Denn das Verhältnis zwischen dem ORF und einem guten, jedenfalls sehr lauten Teil der Bevölkerung ist zerrüttet – und nicht wieder flott zu machen. In einer durchpolarisierten Nachrichtenwelt wird mit allerhöchster Empfindlichkeit jede Regung der ORF-Nachrichtenredaktionen mit dem eigenen Weltbild abgeglichen – passt das nicht zusammen, wird (übrigens links wie rechts) Skandal gerufen.

Auch von den Parteien. Dass die ÖVP nach allerlei medialen Demütigungsempfindungen Ambitionen hegt, das ORF-Gesetz ausgerechnet im Wahljahr neu zu formulieren, erinnert an Wolfgang Schüssel: Auch er hämmerte als Regierungschef ein Gesetz zusammen, das den damals Schwarzen große Mehrheiten sichern sollte. Ausgenützt haben das die Roten mit Alexander Wrabetz.

Alles andere als eine von den Parteien abseits der FPÖ gemeinsam beschlossene völlige Entpolitisierung des ORF serviert diesen mit guter Wahrscheinlichkeit nur der FPÖ auf dem Macht-Tablett. Was diese mit dem Sender plant, ist bekannt.

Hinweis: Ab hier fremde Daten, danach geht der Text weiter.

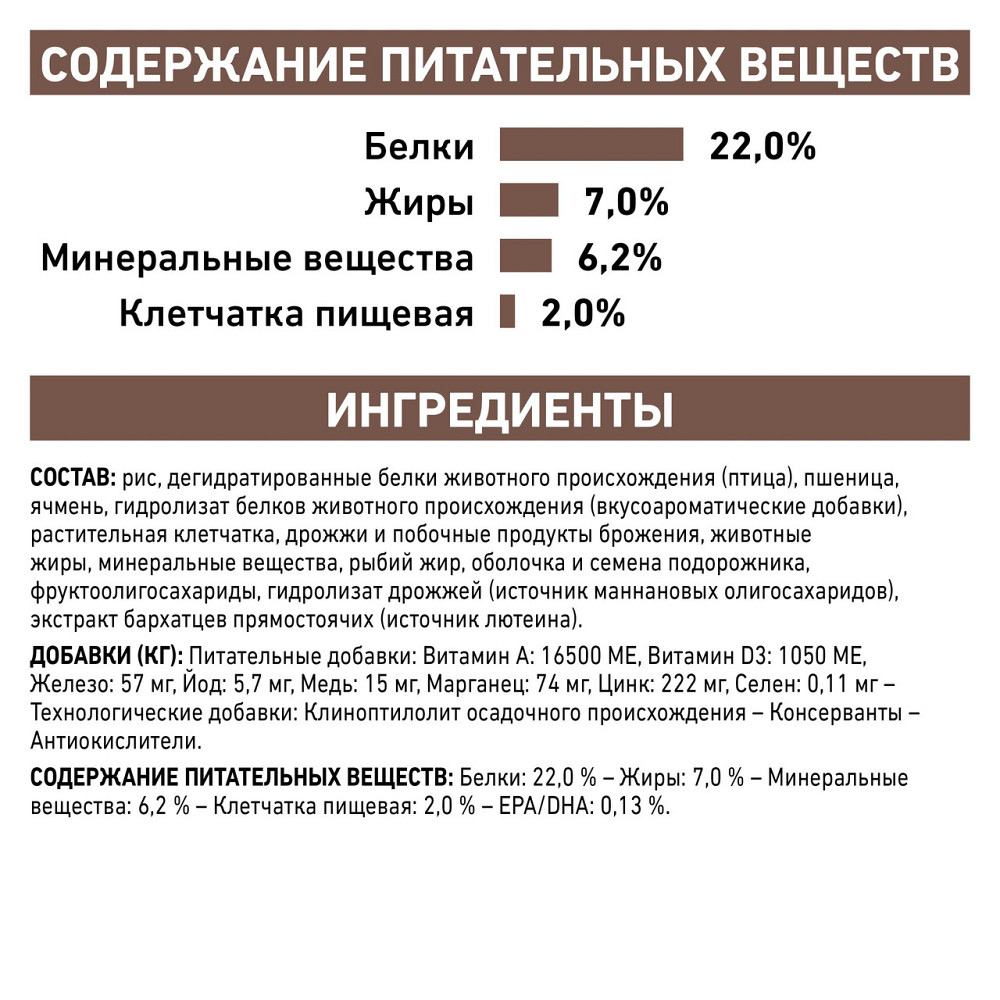 Royal Canin Gastrointestinal Low Fat (Роял Канін Гастроінтестинал Лів Фет) корм для собак для травлення Запоріжжя - фото 5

Dass der ORF im Gegensatz zu den existenzgefährdeten privaten Medien durch die Haushaltsabgabe mit viel Geld ausgestattet wurde, ist ein weiterer Stein eines Mosaiks, das sich zu einem großen Problemgemälde für den ORF zusammensetzt. Der ORF polarisiert dich und mich und alle.